ZFS is a combined file system and logical volume manager designed by Sun Microsystems.

The features of ZFS include protection against data corruption, support for high storage capacities, integration of the concepts of filesystem and volume management, snapshots and copy-on-write clones, continuous integrity checking and automatic repair, RAID-Z and native NFSv4 ACLs

ZFS has been around for SUN and FreeBSD systems for a long time, it is only recently that a group has been able to write a native version for Linux that is stable enough for everyday use. ZFS combines the concept of volume management and file system management.
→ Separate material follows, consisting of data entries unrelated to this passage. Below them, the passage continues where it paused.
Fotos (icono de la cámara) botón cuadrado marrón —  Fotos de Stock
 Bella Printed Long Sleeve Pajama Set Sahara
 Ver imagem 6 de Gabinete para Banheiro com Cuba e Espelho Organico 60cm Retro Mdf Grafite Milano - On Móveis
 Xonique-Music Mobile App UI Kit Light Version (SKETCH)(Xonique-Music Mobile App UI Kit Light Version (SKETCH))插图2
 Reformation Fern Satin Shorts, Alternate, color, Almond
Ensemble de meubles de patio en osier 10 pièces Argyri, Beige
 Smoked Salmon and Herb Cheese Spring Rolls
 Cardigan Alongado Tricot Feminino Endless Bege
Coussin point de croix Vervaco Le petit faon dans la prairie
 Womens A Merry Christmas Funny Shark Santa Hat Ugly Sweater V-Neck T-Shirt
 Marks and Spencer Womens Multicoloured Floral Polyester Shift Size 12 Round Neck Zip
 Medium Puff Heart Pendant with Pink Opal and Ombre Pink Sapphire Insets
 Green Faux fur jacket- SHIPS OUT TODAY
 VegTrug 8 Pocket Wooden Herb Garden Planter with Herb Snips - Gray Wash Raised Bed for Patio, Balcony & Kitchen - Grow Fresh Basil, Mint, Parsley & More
ZFS is able to overcome some of the most basic problems with existing file-systems. The maximum volume and file size on ZFS is 16 Exabytes, where a single exabyte is 1024 petabytes. Not to say that modern file systems are bad by any means, it's just that ZFS is capable of some amazing things.

There are some advantages that I really want to stress, especially for those who are rightfully paranoid about their data. Normally when you store something for a prolonged period of time, you don't know whether or not the files have maintained their integrity.

There are ways to check this, but ZFS has a very graceful method of handling this. ZFS is able to protect your data from bit rot, the random flipping of a bit on your hard drive for whatever reason. It is able to detect it and correct it on the fly with some minimal setup. Even if you aren't using your data, just get ZFS to run a scan every week or so, and it will find and fix these errors across the entire data store.

Many more things can be said about ZFS that I won't cover here, but it's definitely worth checking out if you haven't already.

SATA cat

A simple setup

For this you are going to need at least two hard drives, they don't need to be the same size, but the more similar they are, the better.

My setup uses a derivative of Ubuntu 12.04, but this should be possible to set up on any distribution.

First, go to the ZFS on Linux homepage and click on the link for the packages for your system. Installation is pretty straightforward. If you're using Ubuntu, it is a matter of adding the PPA to your system, updating and installing the software, i.e.

> sudo add-apt-repository ppa:zfs-native/stable
> sudo apt-get update
> sudo apt-get install zfs-linux

Next open up a terminal and you should be able to type command like zfs and zpool. These are the commands we are going to use to set up and use the file system entirely.

We are going to create a redundant disk array, similar to RAID-1 called a mirror. I use the word similar, since a mirror is a type of virtual device with ZFS and doesn't need to be initialised the same way a RAID-1 array would in something like mdadm

Disk Partitioning

Now this is more of a personal preference, but something I think you should consider. Normally you would just give ZFS an entire hard drive and let it manage things from there, however if you are just a consumer, you probably don't buy batches of identical hard drives to store your data on. You do need all disks in a mirror to be the same size, so instead of using disks the same size, we will use partitions of the same size.

Plus if you ever dual boot, Windows will be very confused by these ZFS formatted disks (more on dual booting a system with ZFS formatted disks at the end). Instead we are going to give the hard drives a partition table, and create "unformatted" partitions for ZFS to use. This has the additional benefit of being able to have a non ZFS partition on the disks as well, although I wouldn't recommend it.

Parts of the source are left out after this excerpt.